Keberadaan masyarakat adat tersebar di berbagai penjuru nusantara dengan
keragaman ekosistem tempat mereka hidup. Mayoritas masyarakat adat mewarisi
tanah ulayat milik nenek moyang mereka dengan sistem hidup yang terkadang
sangat ketat diberlakukan. Pedalaman hutan hujan tropis, pinggiran hutan dan
sepanjang garis pantai adalah beberapa lokasi dimana masyarakat adat tinggal,
menetap permanen, nomaden dan semi nomaden.
Sehingga kita boleh menyimpulkan bahwa selama ini, 30% hutan asli Indonesia
dijaga dan dilestarikan oleh Masyarakat Adat. Selama waktu itu pula muncullah
kecerdasan dan local spirit bagaimana kita mengelola dan
melesatarikan sumber daya alam khususnya sumber daya hutan yang dimiliki
Indonesia. Masyarakat adat merupakan suplemen dari Negara Indonesia, bukan
komplemen.
Akan tetapi, alih-alih sebagian besar mereka mengikuti Sensus Penduduk Mei
lalu, tercatat di Kelurahan pun tidak. Adapun sebagian lain dari masyarakat
adat semisal Suku Hoaulu di Provinsi Papua yang mengikuti sensus, kelanjutannya
juga masih menyisakan tanda tanya besar. Sensus sebagai bahan pengambilan kebijakan
pemerintah seakan tidak berarti sama sekali. Hal ini tidak terlepas dari
berbagai macam pendefinisian sepihak yang dimunculkan terhadap masyarakat adat
sebagai masyarakat asing dan masyarakat primitif.

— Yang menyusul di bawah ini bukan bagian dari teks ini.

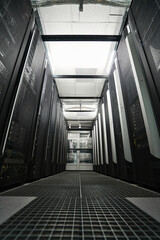 Server racks standing in hallway of data center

Pertentangan Perundangundangan
Kalau kita menelisik dengan sedikit kritis bahwa Undang-Undang Dasar 1945
Hasil Amandemen dalam pasal 18B ayat (2) menegaskan, Negara mengakui dan
menghormati kesatuan-kesatuan masyarakat hukum adat beserta hak-hak
tradisionalnya sepanjang masih hidup dan sesuai dengan perkembangan masyarakat
dan prinsip Negara Kesatuan Republik Indonesia yang diatur dalam undang-undang.

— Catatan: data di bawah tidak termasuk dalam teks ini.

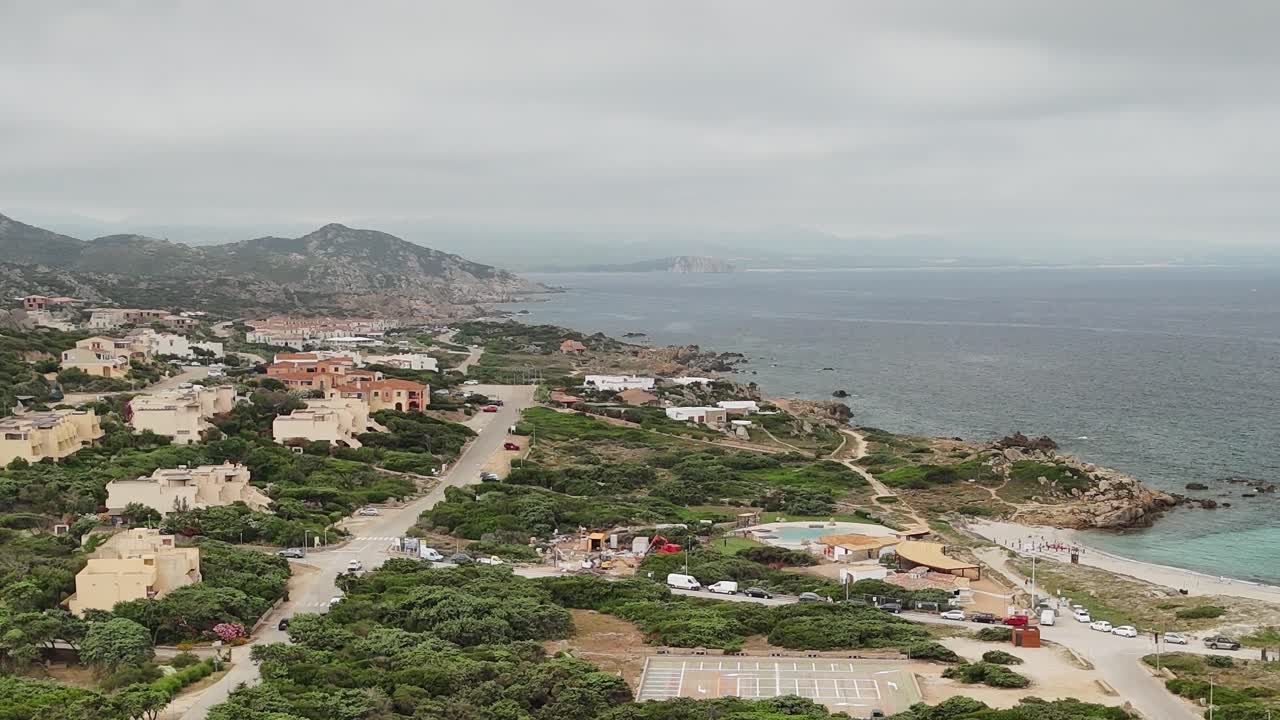Vista costiera della Sardegna con case e mare sotto un cielo nuvoloso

Tidak demikian kenyataannya. Kebijakan-kebijkan yang dikeluarkan oleh
pemerintah, seringkali secara tidak adil telah mengambil-alih hak asal usul,
hak atas wilayah adat, dan yang paling utama adalah hak pengelolaan konservasi
hutan adat yang berada dalam tanah ulayat mereka. Buktinya adalah beberapa
produk hukum yang menjadi landasan pemerintah mengambil tindakan
sewenang-wenang di tanah ulayat masyarakat adat, dapat kita konfrontir antara
sebuah undang-undang dengan peraturan pemerintah lainnya.
Antara Hutan Adat dan Hutan Negara
Undang-Undang Nomor 41 tahun 1999 tentang kehutanan, Pasal 5 ayat (1)

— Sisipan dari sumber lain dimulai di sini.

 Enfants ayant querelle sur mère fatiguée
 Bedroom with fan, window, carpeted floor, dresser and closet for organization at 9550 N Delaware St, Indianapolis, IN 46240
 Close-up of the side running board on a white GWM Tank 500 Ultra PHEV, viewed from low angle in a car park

terjadi konfrontasi yang mencengangkan, pembagian status kepemilikan hutan
hanya terdiri atas dua jenis. Petama adalah hutan negara, yaitu hutan yang
berada pada tanah yang tidak dibebankan hak atas tanah, hutan hak yakni hutan
yang berada pada tanah yang dibebankan hak atas tanah. Sementara status hutan
adat oleh undang-undang kehutanan ini hanya dipandang sebagai bagian dari hutan
negara.
Sebelumnya Pasal 1 ayat (6)
disebutkan hutan adat adalah hutan negara yang berada dalam wilayah masyarakat
hukum adat. Sangat jelas rumusan pasal Undang-Undang Kehutanan di atas meniadakan
hak ulayat masyarakat adat terhadap tanah (termasuk hutan) yang berada dalam
wilayah adatnya. Padahal sebelumnya berstatus sebagai Undang-undang Nomor 5
Tahun 1967 tentang pokok-pokok kehutanan yang kemudian diganti dengan secara
sepihak dan menempatkan hutan adat sebagai hutan negara.
Hukum negara dipaksakan untuk disalahgunkan. Parahnya lagi entah mengapa
hutan negara alias hutan adat yang dipaksakan berubah, serta merupakan
sumber-sumber ekonomi bagi masyarakat adat dikelola pengusahaannya melalui
praktek KKN yang dimiliki oleh elit politik tertentu dan pihak swasta. Pemilik
modal terlalu mudah untuk mengintervensi pemerintah, undang-undang menjadi
sebuah instrumen ‘penghalalan’ kerja kotor mereka. Katakanlah persoalan
perizinan Izin HPH, HTI, IPK dan IHPHH yang dikelurkan secara serampangan.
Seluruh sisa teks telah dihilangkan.